=== Problem details ===
Pictures aside, the output must consist of the lines from the one containing "Babyoye 100% Cotton" through the end of the data, reproduced exactly.

Short web captions:
^^^^^^^^

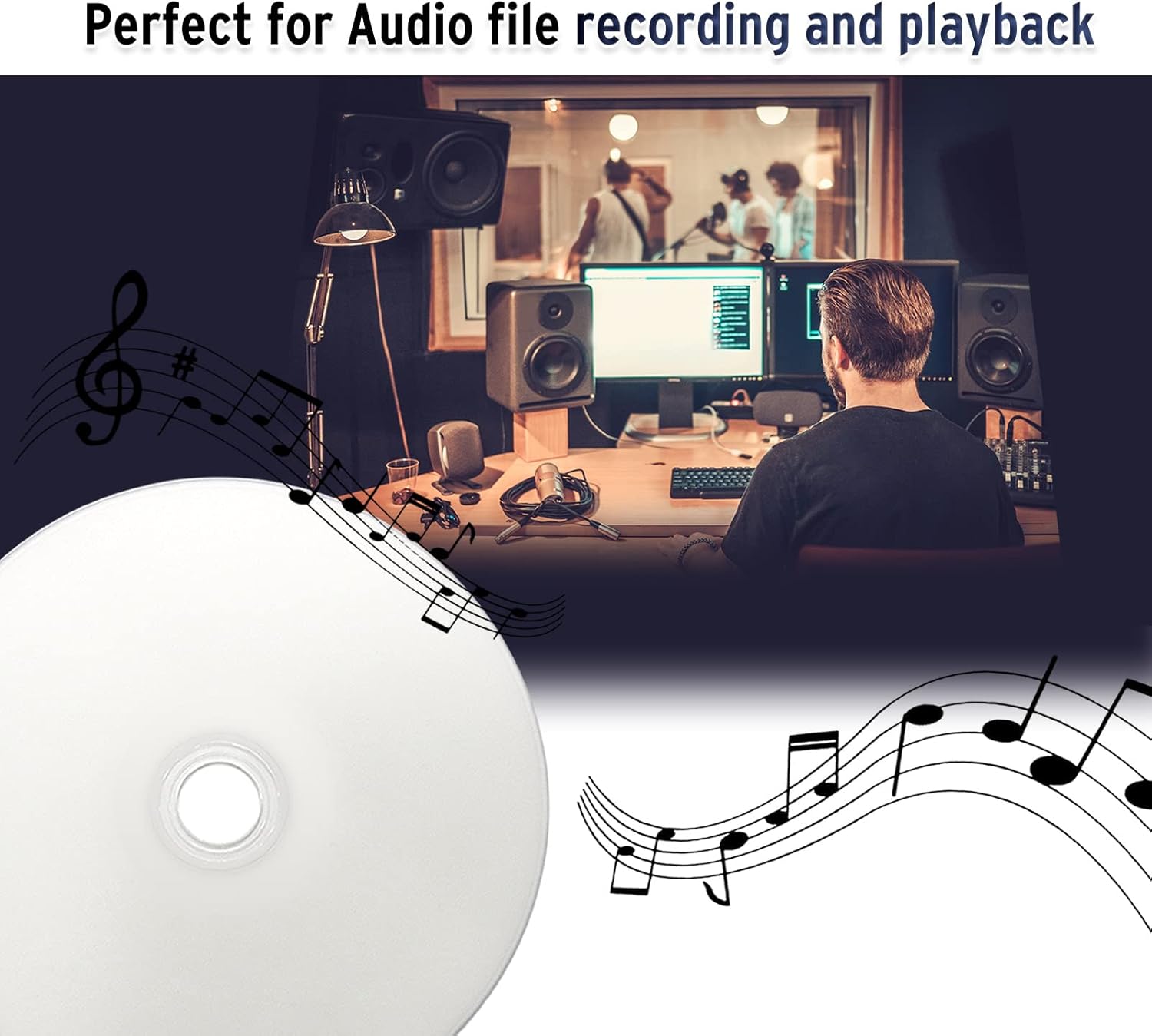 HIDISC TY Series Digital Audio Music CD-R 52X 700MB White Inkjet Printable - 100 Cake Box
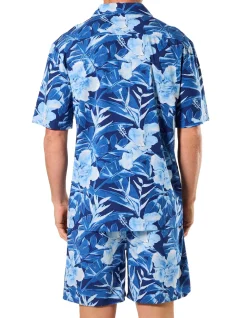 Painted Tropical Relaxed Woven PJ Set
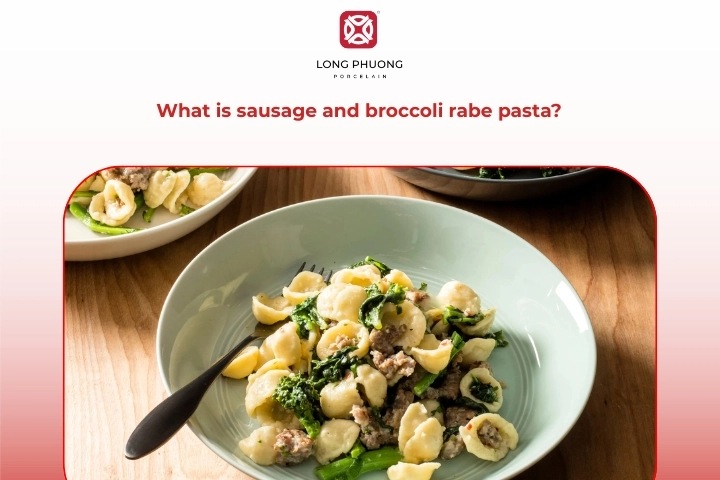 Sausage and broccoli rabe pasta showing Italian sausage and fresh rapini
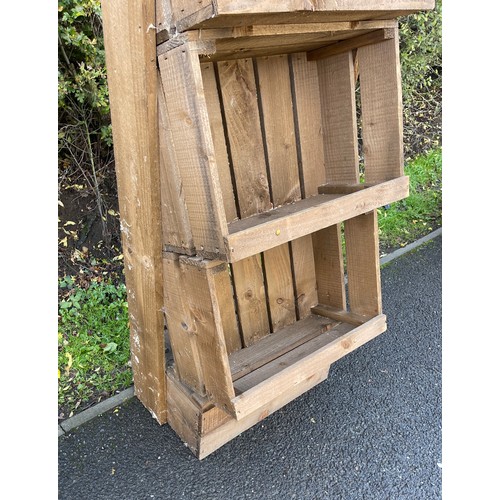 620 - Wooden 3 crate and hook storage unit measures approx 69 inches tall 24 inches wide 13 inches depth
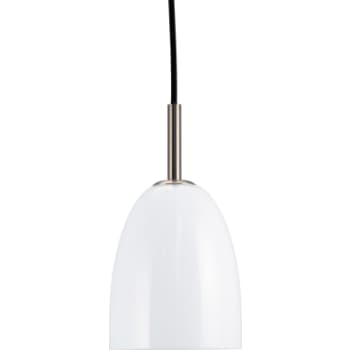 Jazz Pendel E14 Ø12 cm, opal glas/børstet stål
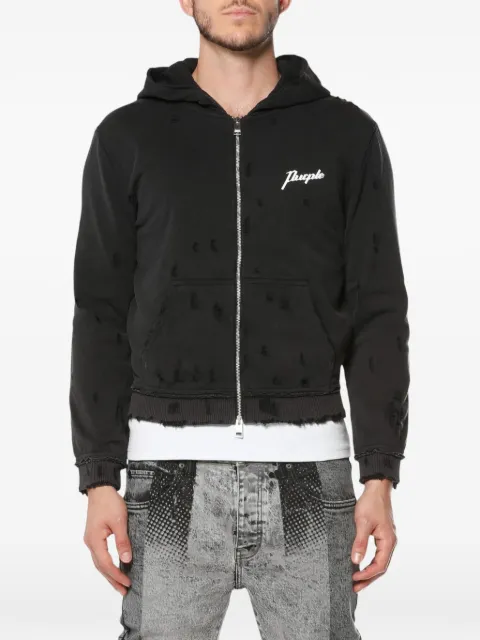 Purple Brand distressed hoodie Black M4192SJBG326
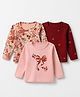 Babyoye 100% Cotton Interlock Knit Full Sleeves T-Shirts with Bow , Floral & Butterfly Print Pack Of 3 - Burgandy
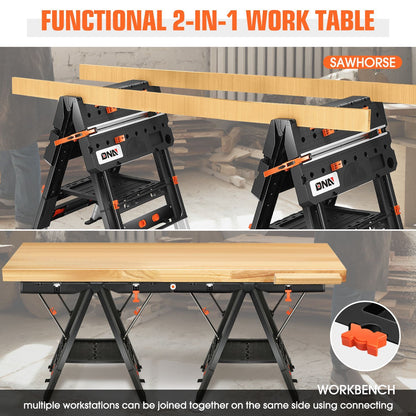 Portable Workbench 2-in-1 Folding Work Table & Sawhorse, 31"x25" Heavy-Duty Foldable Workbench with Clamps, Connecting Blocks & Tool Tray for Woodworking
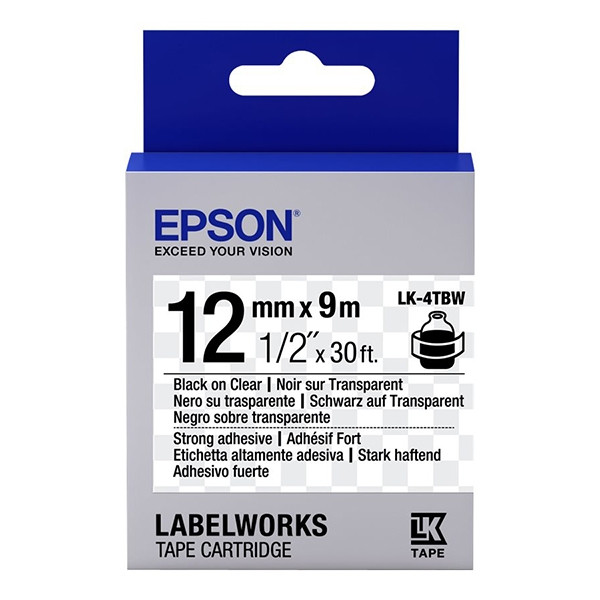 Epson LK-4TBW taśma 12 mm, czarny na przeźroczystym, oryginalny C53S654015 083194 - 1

^^^^^^^^

=== Expected output ===
 Babyoye 100% Cotton Interlock Knit Full Sleeves T-Shirts with Bow , Floral & Butterfly Print Pack Of 3 - Burgandy
 Portable Workbench 2-in-1 Folding Work Table & Sawhorse, 31"x25" Heavy-Duty Foldable Workbench with Clamps, Connecting Blocks & Tool Tray for Woodworking
 Epson LK-4TBW taśma 12 mm, czarny na przeźroczystym, oryginalny C53S654015 083194 - 1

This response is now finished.